Library

The books dominate the air in this library. The dust from the ancient tomes slides into the breeze of the ventilation system. The words slip off the page. The crackling, compressed pages sit patiently, waiting to stretch, waiting to open, waiting to inhale and exhale. Those who step softly among the stacks breathe in the books. They breathe in the dust and the words and the pages, the history of different worlds, different places, different times. They creep through row upon row of books, careful to be quiet, lest their cries disrupt the air.

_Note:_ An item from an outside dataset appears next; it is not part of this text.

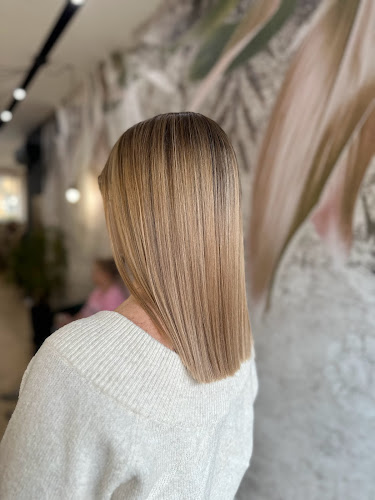 Salon Fryzjersko-Kosmetyczny Jagudzin - Nisko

I am one who steps softly. I have no watch, but I am aware that it is past midnight. The library closes at two this morning. There is no way for them to find me here. At one-thirty, Jim will set off the alarm, and continue to do so every ten minutes. From the lobby, the alarm is high and loud and, though I know when it is about to sound, though I may cover my ears, my muscles tighten at the abrupt siren. Jim laughs when people jump at the sound; alone at the guard desk on most nights, it is one of his only amusements. If I am in the lobby when the alarm goes off, I also take a secret pleasure in watching the wide-eyed students stumble up the stairs, down the stairs, out of the elevator. They straggle through the lobby in a stupor, having snuffed up their share of dust and words, of the palpable quiet and the touch of history.

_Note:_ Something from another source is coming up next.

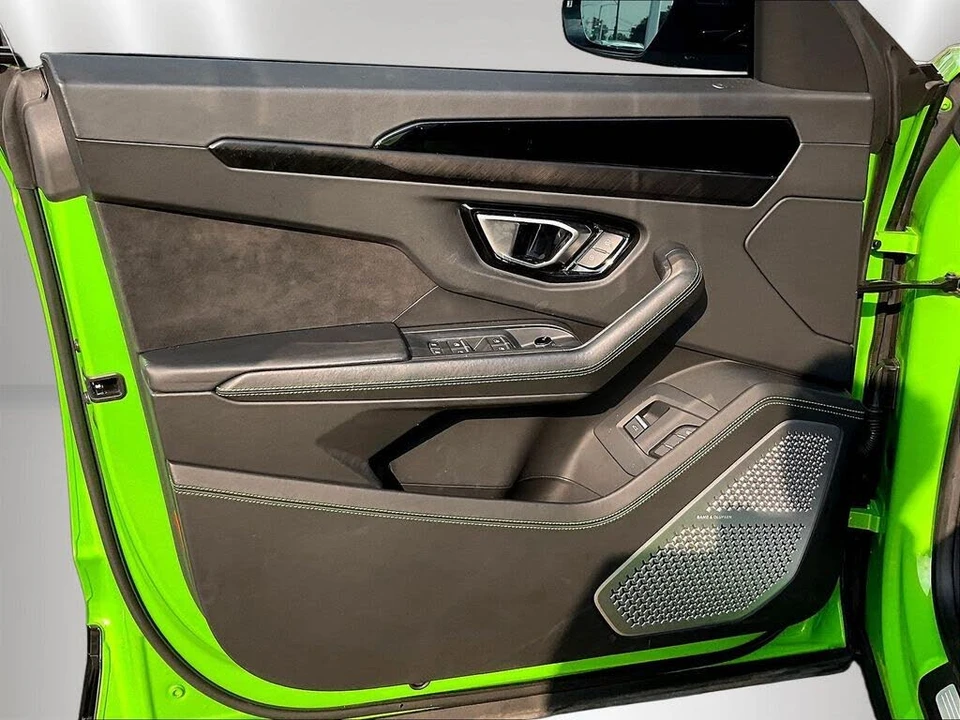 2022 Lamborghini Urus - Image 19 of 31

But now I am alone on the fourth floor, where no sound can reach me. If the alarm has gone off, perhaps the books on the second or third floor swallowed up the bells and whistles, the beeping and the buzzing. At two-fifteen, Jim locks up the doors from both the inside and the out, and places a phone on the circulation desk. Next to the phone is a note that reads, “If you find yourself alone after the library is closed, call extension 4111.” So calm, so easy. And yet, 4111 is the number of Police and Security. If I were locked in the library, though I may need a little security, I would not find it with the police.

And so I walk slowly through the stacks, running my finger over a row of books, wondering if I am indeed alone in this library, wondering if I might accidentally fall into one of the books and be lost forever. Or found. Or lost. Or found.